# Thread: Probability- Geometric Prob. Distribution

1. ## Probability- Geometric Prob. Distribution

If Y has a geometric distribution with success probability p, show that

P(Y= an odd integer)= p/(1-q^2)

Thanks.

2. Originally Posted by fulltwist8
If Y has a geometric distribution with success probability p, show that

P(Y= an odd integer)= p/(1-q^2)

Thanks.
What's q? What event constitutes a success?

3. That IS exactly as it's stated in the book. q=1-p. it doesn't say what constitutes a success.

4. Originally Posted by fulltwist8
That IS exactly as it's stated in the book. q=1-p. it doesn't say what constitutes a success.
Without knowing what event constitutes a success, the question makes no sense - to me, anyway. It's very .... odd (ha ha) - to me, anyway - that the question would not define it. And it doesn't even define the random variable Y .....

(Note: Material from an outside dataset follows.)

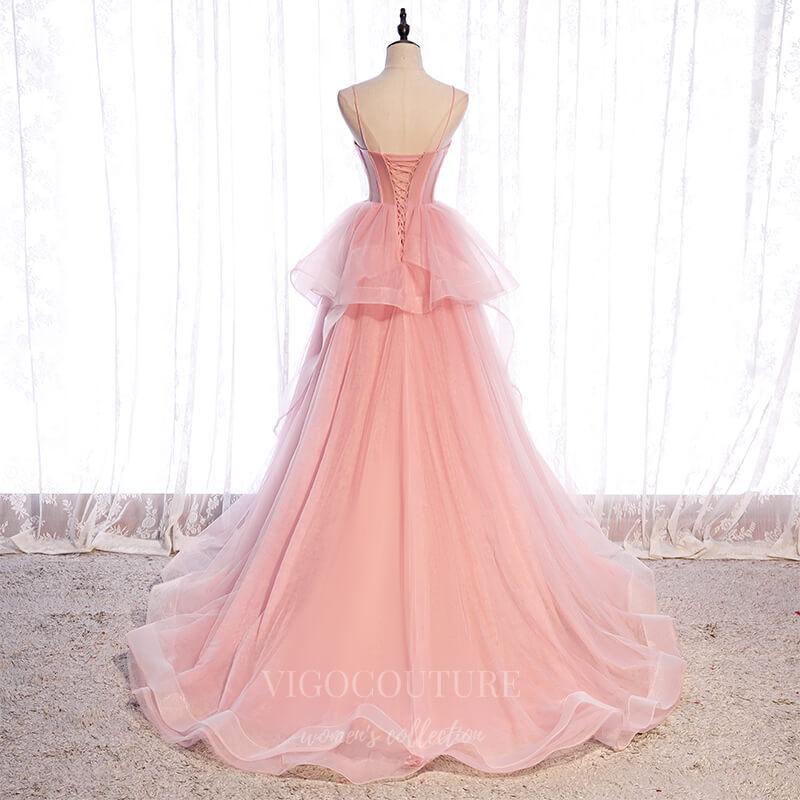vigocouture-Tiered Prom Dress 2022 Spaghetti Strap Party Dress 20557-Prom Dresses-vigocouture-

By the way, if you make what would seem the obvious assumption that success is getting an odd number, then the probability of getting an odd number eventually is going to be 1, I'd have thought (unless p = 0) ......

Are you sure there's not some lead in, some introduction, some broader context ...... to the question. Because as is, the question is

5. Originally Posted by fulltwist8
If Y has a geometric distribution with success probability p, show that

P(Y= an odd integer)= p/(1-q^2)

Thanks.
I am trying to do the same question, have you had any success?

6. Originally Posted by fulltwist8
If Y has a geometric distribution with success probability p, show that

P(Y= an odd integer)= p/(1-q^2)
In a geometric probability distribution, the probability of needing k attempts to get a success is $q^{k-1}p$. If you add these probabilities for all odd values of k then you get $p+q^2p+q^4p+q^6p+\ldots$. This is a simple geometric series which you ought to be able to sum.